Rosh Hashanah, the Jewish New Year, is a two-day holiday filled with rejuvenating foods, rituals, and prayers. During this time, Jews reflect on themselves, who they are, where they may have fallen short, and things they can do to honor their faith and return to a state of grace.
An important part of this includes the foods eaten during Rosh Hashanah, which are also called Simanim. While there are no requirements that dictate which foods must be eaten, many of the traditional dishes are symbolic and represent the desire for a sweet and fruitful new year.
Challah is a type of bread that traditionally is braided, signifying that – despite our many differences – we are all one. During Rosh Hashanah, challah is round, symbolizing continuity and the cyclical nature of the year.
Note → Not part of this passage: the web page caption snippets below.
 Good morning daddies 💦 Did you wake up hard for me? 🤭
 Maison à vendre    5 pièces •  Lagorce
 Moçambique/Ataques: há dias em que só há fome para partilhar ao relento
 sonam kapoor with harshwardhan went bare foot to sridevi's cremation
Before eating challah, diners tear off a small piece of bread as a sacrifice after reciting a special prayer that translates into:
“Blessed are You, Lord our God, King of the universe, who has brought forth bread from the earth.”
Apples are considered to be the perfect fruit – sweet and beautiful in both appearance and scent. In the Jewish faith, Kabbalists (those who follow a part of the Jewish Tradition that some consider to be mystical) consider the Garden of Eden to be “the holy apple orchard.”
During Rosh Hashanah, apples are intended to reinforce the intention to turn the world into a “garden of Eden.” Before they are eaten, the apples are dipped in honey and a prayer is recited to ask God for a sweet new year.
“Blessed are you, Lord, our God, King of the universe, who creates the fruit of the tree,” is spoken before taking the first bite. The prayer then continues with: “May it be Your will to renew for us a good and sweet year.”
Pomegranates are filled with seeds. Some speculate that they are filled with 613 seeds, which represent the 613 commandments of the Torah. While this number may or may not be accurate, pomegranates are eaten during Rosh Hashanah to symbolize good deeds and increased merits in the new year.
Before eating pomegranates, Jews will recite a blessing asking God to fill them with mitzvot: “May it be Your will, God and the God of our ancestors, that we be filled with mitzvot like a pomegranate is filled with seeds.”
Rosh Hashanah translates into “head of the year.” Eating fish head on Rosh Hashanah symbolizes the desire to be “heads, not tails” in the new year – in other words, to be leaders, not followers. Deuteronomy 28:13 states: “And the Lord will make thee the head, and not the tail; and thou shalt be above only, and thou shalt not be beneath; if thou shalt hearken unto the commandments of the Lord thy God, which I command thee this day, to observe and to do them.”
Fish also symbolize futility and abundance due to the way they swim together in large schools and multiply quickly.
In Yiddish, meren translates to both the noun “carrots” and the verb “to multiply.” During Rosh Hashanah, carrots are eaten in the hope that one’s merits will increase in the new year. Since the Hebrew word for carrot, gezer, sounds much like the word for decree, g’zar, some say that eating carrots also expresses the desire for God to tear up any negative decrees against them.
A common blessing recited before eating carrots is: “May it be your will Adonai, our God and God of our ancestors, that our evil decree will be annulled and our merits will be recalled.”
Eaten on the second night of Rosh Hashanah, new fruits are those that have just been harvested and have not been eaten since last season. New fruit represents the celebration of creativity and also symbolizes gratefulness for being alive and experiencing all that the world has to offer.
Before eating the new fruit, a Shehecheyanu blessing is said: “Blessed are You, Adonai our God, Sovereign of all, who has kept us alive, sustained us, and brought us to this season.”
Since Rosh Hashanah is a celebration of a new year and blessings for a sweet year to come, it is customary in the Jewish tradition to avoid foods that are bitter, sour, or tart. Nuts are also avoided during this time; they make you salivate, making prayer difficult.
Rosh Hashanah is a sacred time with prayers and rituals practiced throughout the world in Jewish homes. At tables basked in the light of glowing candles, Jewish families and friends reflect on their lives of the past year, give thanks, and pray for blessings in the year to come.